Azure-docs: (REST Speech-to-text) How do you differentiate pronScore, Accuracy Score, and Fluency Score?

Created on 8 Jul 2020 · 7Comments · Source: MicrosoftDocs/azure-docs

The docs are unclear: https://docs.microsoft.com/en-us/azure/cognitive-services/speech-service/rest-speech-to-text#response-parameters

Fluency is a part of accuracy, and accuracy is a part of fluency. I don't understand what the difference is in the calculation/production of these two scores. The explanations are single lines that essentially say "x is x".

Also the pronScore is based on these two scores and "weighted" - weighted how? weighted towards what?

Forgive me if I've posted this issue in the wrong place!

Document Details

⚠ Do not edit this section. It is required for docs.microsoft.com ➟ GitHub issue linking.

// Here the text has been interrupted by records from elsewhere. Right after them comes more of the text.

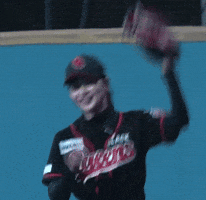 Baseball No GIF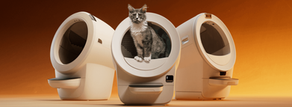 A cat emerging from one of three Litter Robot automatic litter boxes.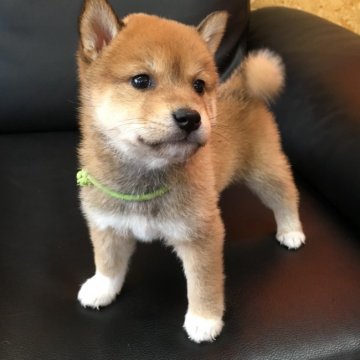 柴犬(標準サイズ)【茨城県・男の子・2017年9月13日・赤】の写真「僕の家族が決まりました‼️」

ID: 11673bc9-9062-278d-c5b8-84b05f2b81be
Version Independent ID: 29347a63-de63-4ff0-5a62-149ab31d1b7e
Content: Speech-to-text API reference (REST) - Speech service - Azure Cognitive Services
Content Source: articles/cognitive-services/Speech-Service/rest-speech-to-text.md
Service: cognitive-services
Sub-service: speech-service
GitHub Login: @yinhew
Microsoft Alias: yinhew

Pri2 cognitive-servicesvc cxp doc-bug doc-enhancement speech-servicsubsvc triaged

Source

crevulus

All 7 comments

@crevulus
Thanks for the feedback! We are currently investigating and will update you shortly.

YutongTie-MSFT on 8 Jul 2020

@crevulus Thanks again for the feedback.
We will improve the document to make it more meaningful to help customer understand the API more easily.
For your questions, let me answer here.

About the difference between accuracy and fluency:
The accuracy score indicates the sounds accuracy of phonemes toward native pronunciation.
We calculate it on phoneme level first, and word level and full text level accuracy score is aggregated from phoneme level accuracy score.
The fluency score indicates the speech fluency of the given speech towards native speaking naturalness such as break, silence duration. It cares inter-word part. This is different from accuracy score.

The completeness score is calculated by the ratio of non-mispronunciation words towards reference text input.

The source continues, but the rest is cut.